Mr O’Keeffe was detained for about six hours under section 7 of the Terrorism Act 2000, a wide-ranging piece of legislation that allows police to question travellers for up to six hours without cause to determine if they may be a terrorist.
Under the Act, detainees have no right to silence and are obliged to answer questions. They are also obliged to hand over any passwords for their electronic devices.
Mr O’Keeffe refused to hand over the passwords to his devices, leading police to accuse him of obstructing justice and to extend his detention overnight. He was later released on bail in advance of a hearing in London next week where he will learn if he will be prosecuted.
The Metropolitan Police retained possession of Mr O’Keeffe’s phone and other devices, meaning he could not contact the Cafferkey family on his release. They learned of their son’s death through other means.
It is understood Mr O’Keeffe has sought assistance from the Irish and American embassies in London.
As well as being involved in the Kurdish YPG with Mr Cafferkey, Mr O’Keeffe has been involved in other left-wing and environmental groups.
Mr O’Keeffe’s solicitor, Alistair Lyon, said his client was questioned during his initial detention without any legal representation present as police said they could not locate a lawyer.

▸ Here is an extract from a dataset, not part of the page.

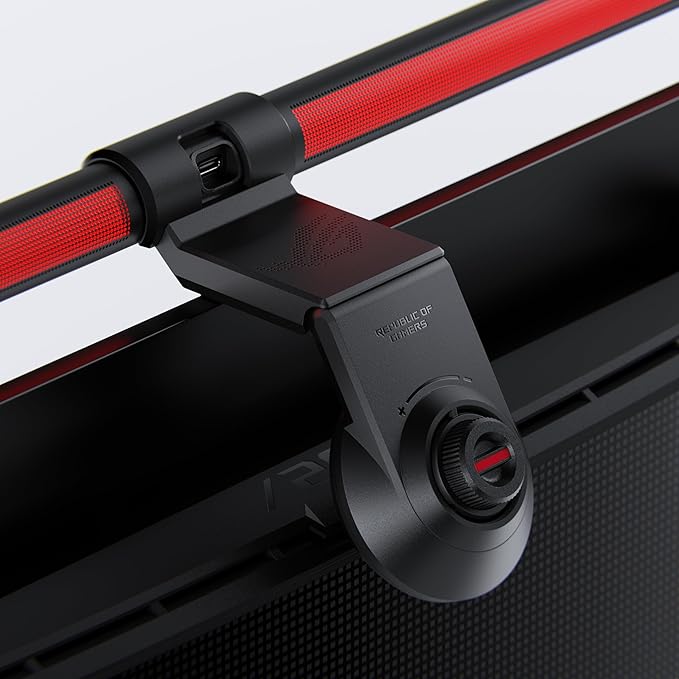 ASUS ROG Aura Monitor Light Bar (ALB01) - Asymmetrical Lighting bar 3 Modes RGB Lighting USB-C Patented clamp Magnetic Buckle Aura Sync Compatible DisplayWidget Center Quick Installation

“They have to give you a lawyer, or at the very least let you talk to one on the phone so you can be told ‘yes, you really do have to answer questions or you’ll be arrested’,” Mr Lyon said. “It is extraordinary that they would contemplate a prosecution of someone where they can’t provide the most basic right in what is an absolute outlier of a legal situation.”
Section 7 has been the subject of repeated criticism, particularly for its use against left-wing activists.
Last month, the Metropolitan Police used the law to stop a French publisher, Ernest Moret, as he arrived in London before detaining him when he refused to hand over his passwords. Mr Moret’s employers said he was stopped because he was allegedly involved in the French pension age protests.